Assume that you WILL at some point end up dripping resin somewhere.

Create a protected “splash zone” around the printer, around your cleaning station, and (if they’re not adjacent) along the path linking them. Make sure that you are not working above a piece of treasured furniture, or carpet. If the printer is a small one, considered getting or making a tray to sit the printer in, in case of spills. An upturned cardboard box lid works, as does those cheap foil disposable oven trays used to roast turkeys at Christmas.

Have a spill strategy: a roll of kitchen paper towel and a bin (for disposability, perhaps even another disposable cardboard box, with a lining). Have disposable tools handy: packs of wooden spatulas or bamboo skewers are good.

Since the resin "goo" does not evaporate, or harden without UV light, once it is on a surface it tends to get spread around by contact contamination, surface to hands to surface to hands. Remember that even when you’ve wiped down, there may be a smear of liquid resin behind. If you have a UV lamp or torch handy (which you probably do if you’re working with this stuff), you can use that to cure the residual smear to harmlessness. Some people might consider spreading the working surface with newspaper before each print session and throwing it away afterwards, after exposing it.

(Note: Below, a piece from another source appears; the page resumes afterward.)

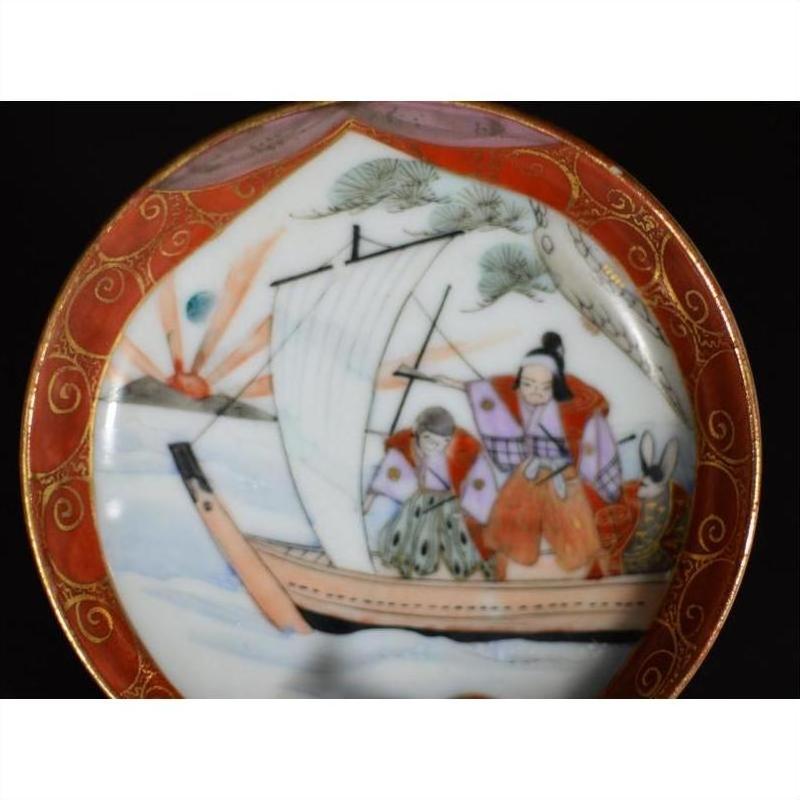 Close-up of an antique Japanese Satsuma ceramic plate with red border, painted sailboat figures, and scenic landscape.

Wear gloves. Yes, I know you think that you’re too careful to need gloves, but once you’ve wiped away that drop of resin, when you touch the surface to check that it’s clean … and find it isn’t … you have it on your fingers. Even with that blob of stray resin that you zapped to harden it, it’s tempting to pick at it to check that it’s hard all the way through, and when you find it isn't … you again have nasty greasy resin on your bare fingers.

If you have a bright UV lightsource for curing, “zapping” your used wipeup tissues to turn the toxic goo into inert plastic is a useful idea (because otherwise you =were= going to take them to a special toxic waste disposal site, weren’t you...). Consider regularly "zapping" your entire work surface and tools.

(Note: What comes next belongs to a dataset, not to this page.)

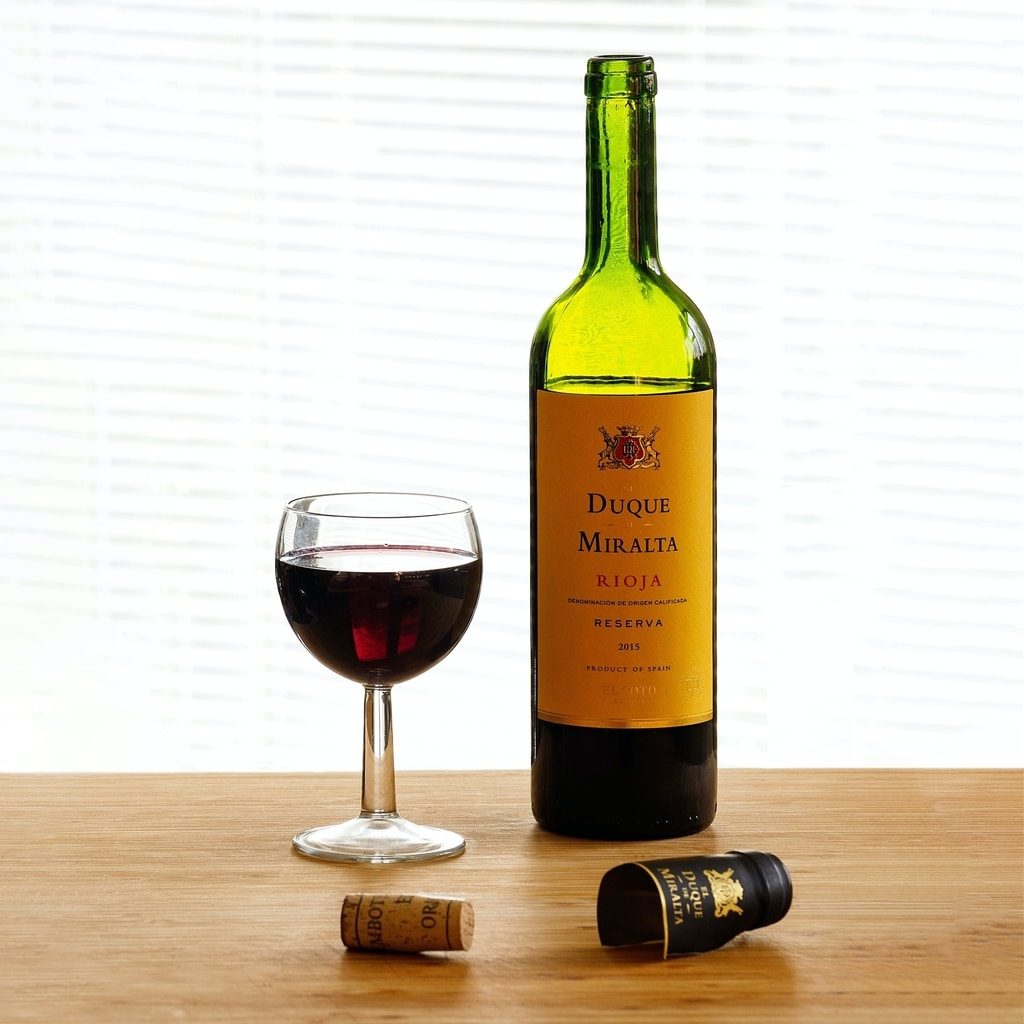 opened-bottle-of-rioja-red- duque-miralta-with-a-glass-of-wine-standing-next-to-it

Resist the temptation to remove the stuff from your skin by curing it. Curing it makes some resins get hot. This provides the opportunity to both give yourself deep burns and possibly trigger an immune reaction to sensitise yourself faster. If you are going to be waving strong UV lamps about, post-spill, wear UV-protective glasses (usually yellowy-tinted). UltraViolet does nasty things to eyes. You ==do have== some of those, don’t you?

If you’re not using a dedicated curing station with a UV filter, again, UV goggles for eye protection. And of course, remember to put away all your unexposed resin before waving UV about.

Print cleanup

You’ll probably have a solvent tray for washing the excess goo off the printed pieces before final curing. Decide on a disposal strategy beforehand. Even if it’s a water-washable resin, remember that there’s a certain amount of the material going to end up in your washing fluid, and even if the fluid is water, technically, the mixture shouldn’t go down the sink.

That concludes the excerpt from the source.